As stated by [13], recently, the theory of soft set has attracted many researchers to further improve the theory or apply in various areas such as operational research, medical research, and decision-making; especially in an environment with uncertain information. Soft set has emerged recently due to its functionality and ability in handling uncertainties. Molodtsov has claimed that soft set is better than fuzzy set and rough set in decision-making process. Besides, it does not need any parameterization tools [30]. Consequently, motivated by this theory, researchers have done many works related to the decision-making area. Most of the works published were investigating and proving the ability of soft set theory to assist decision makers in making a good decision.
2.3 Hybrid Methods
Method hybridization is a process of integration between one method and other methods. Hybridization presents the alternative to solve the limitation of single method in a particular process. For example, fuzzy set relies on the expert?s knowledge, rough set suffers from nondeterministic polynomial-time hard (NP-hard) problem in attribute reduction and optimal rule discovery, and genetic algorithm (GA) might face convergence problems [3]. Recently, many researchers have proposed several enhancements and one of them is the integration of artificial intelligent (AI) methods in order to maximize the functionality of the methods and to minimize the shortcoming of the original method. For instance, interval valued fuzzy ANP (IVF-ANP) was developed to solve the multiple attribute problems by determining the weights of each defined criteria [28] and rough AHP was proposed to measure the system performance [2]. The followings are some of the hybrid methods that integrate either soft set theory or rough set theory in their proposed works.

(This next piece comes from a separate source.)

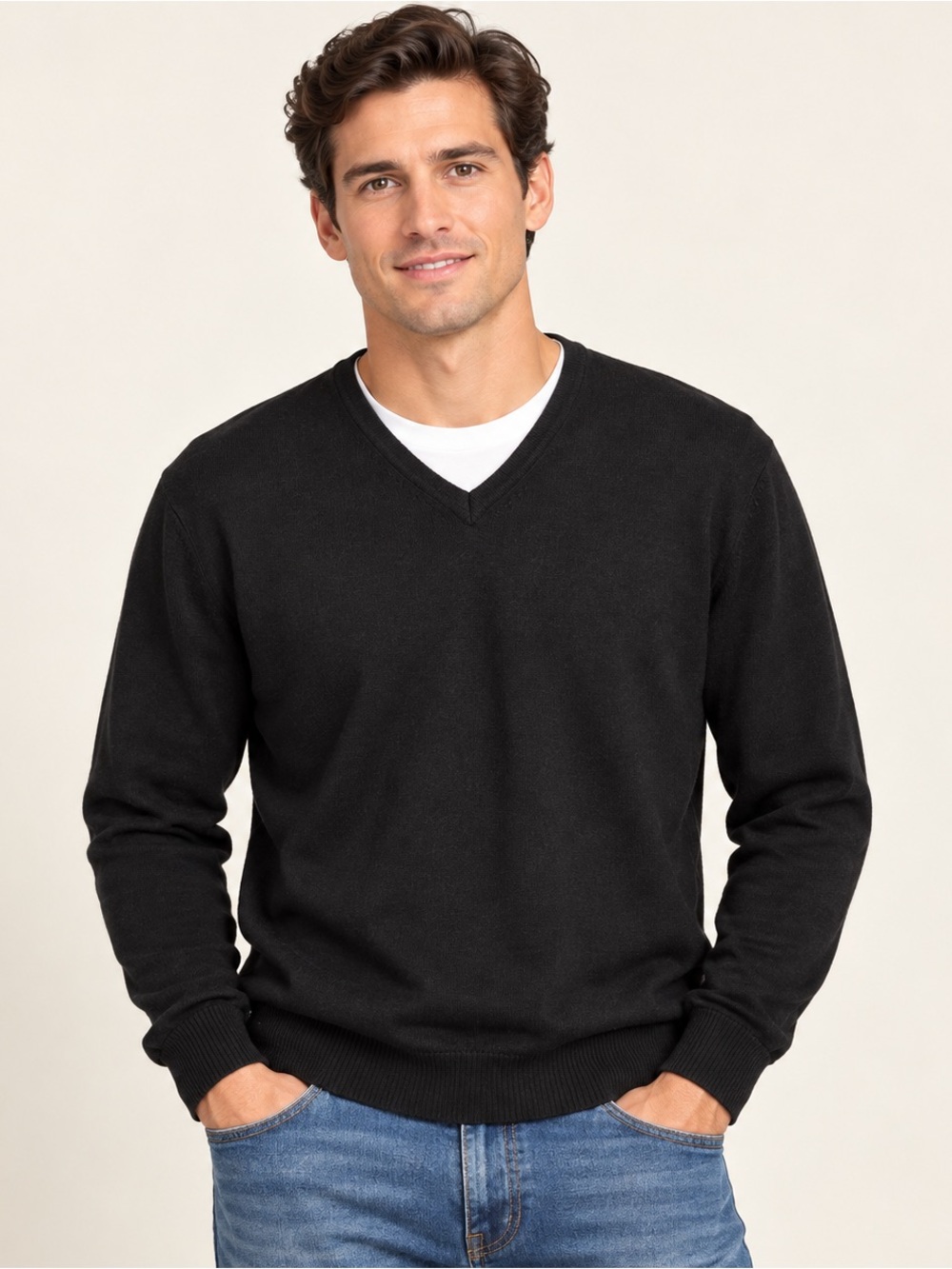 Calvin Klein 100% Merino Wool Black V-Neck Sweater Men’s Large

(1) Fuzzy soft sets: Fuzzy soft set is another soft set approach which has been introduced in 2001 to solve many problems including uncertainties. It is an extension to the classical soft set approach which was proposed to solve decision-making problems in real world situation. Many publications have contributed to fuzzy soft sets. One of the publications was written by Agarwal et al. [1] in which they proposed an expert system that generalizes the intuitionistic fuzzy soft set approach to solve medical diagnosis problem. Meanwhile, Xiao et al. [29] initiated an optimization approach based on interval-valued fuzzy soft set in solving multi-attribute group decision-making problems under uncertain environment. Geng et al. [7] proposed a model that provides an approximate description of objects in an intuitionistic fuzzy environment and also with the additional information of weight attributes in solving multi-attribute decision-making problems in 2011. Besides, in the same year, [8] also had proposed a method that considers multiple parameters group decision-making by implementing the interval-valued intuitionistic fuzzy soft set approach. Furthermore, some of the publications have considered to apply the fuzzy soft set in certain particular application problems to accomplish different objectives. For example, these research works were conducted in order to reduce the chances of piracy in image transmission [25], to rank the technical attributes in quality function deployment [30], to apply new soft information order algorithm to solve problems [9], and to solve ranking problems by using the concept of intuitionistic multi-fuzzy soft set [4].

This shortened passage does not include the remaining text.